By exercising these rights, you can help to make your school safety plan the powerful tool it was meant to be.

Getting input

Both UFT contract Article 10B and Chancellor’s Regulation A-414 require the principal of every school to establish a safety committee, on which the UFT chapter leader sits. This committee must meet monthly and is responsible for developing a comprehensive safety plan and updating it. Besides reviewing the school safety plan each year, the safety committee can recommend revisions at any time of year in order to “meet changing security needs and conditions.”
Note: Buildings that house more than one school must have one safety plan and one safety committee for the entire building.

How can you get input?

If you see a problem that needs to be addressed — e.g., students who leave exit doors open when they go outside without authorization; areas of the school without adequate patrol by SSOs — you have the right to bring such matters to your chapter leader or other members of the school safety committee.
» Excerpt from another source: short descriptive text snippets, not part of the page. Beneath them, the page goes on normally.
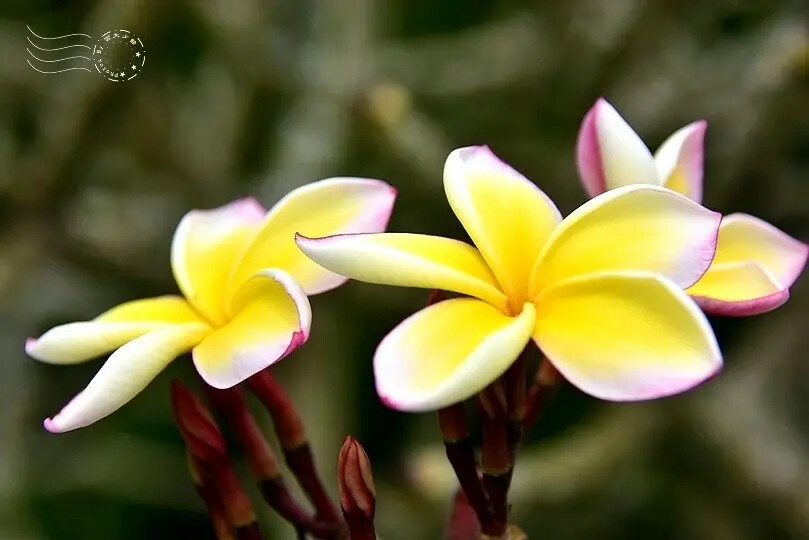 台開心農場 台開心農場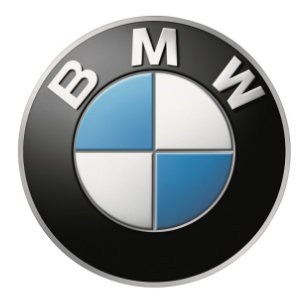 icon BMW EV Car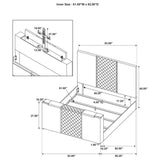 Tara - Upholstered Panel TV Bed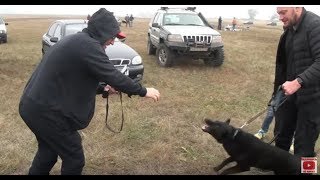 Тролим Русика.Пытаемся скормить его собаке))) off-road 4x4 Тролим Русика.Пытаемся скормить его собаке))) off-road 4x4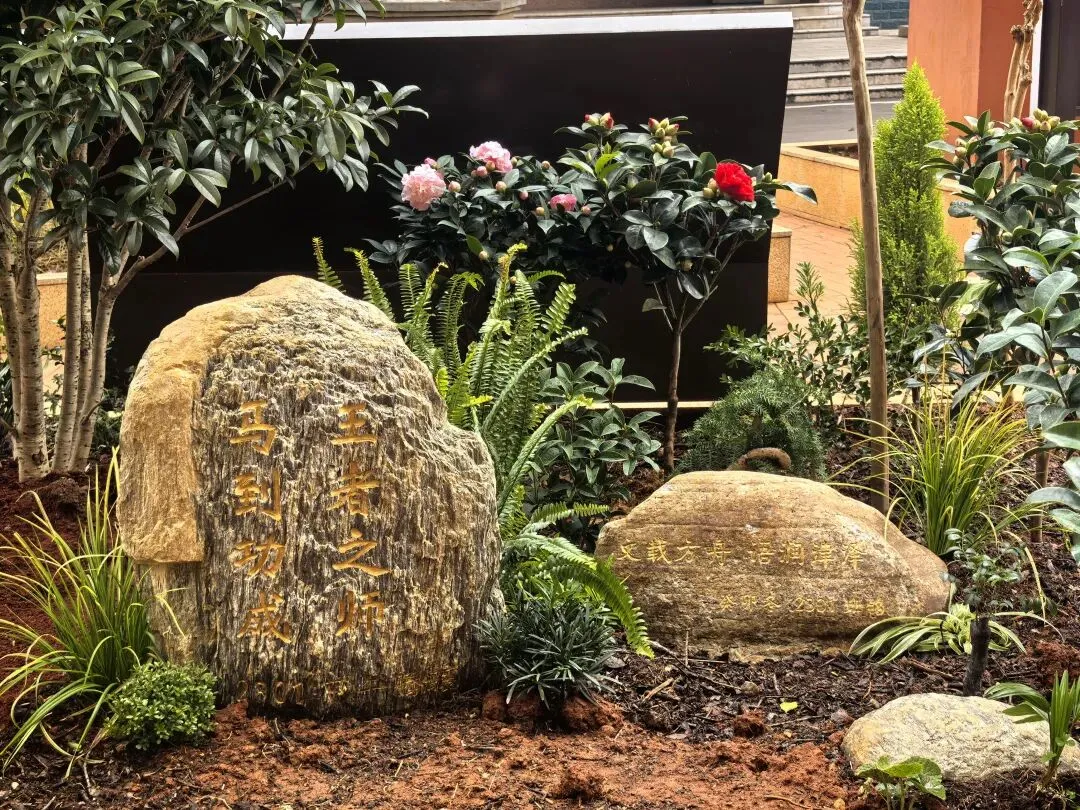 骐骥驰骋(一)||2026中考语文“积累与运用”考点解读与例析 第1张 骐骥驰骋(一)||2026中考语文“积累与运用”考点解读与例析 第1张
Don’t just complain to your colleagues; exercise your right, through your UFT chapter, to a voice in shaping your school’s safety plan.

Why is input on the school safety plan such an important right — though one that is too often neglected?

Because once your school safety plan spells out specific steps or procedures, you can hold the administration accountable for fulfilling its responsibilities and you can enforce provisions of the safety plan through a fast-track grievance.

Violations of the safety plan

You have the right to file complaints over violations of the safety plan under Article 10B of the contract by means of an expedited safety complaint.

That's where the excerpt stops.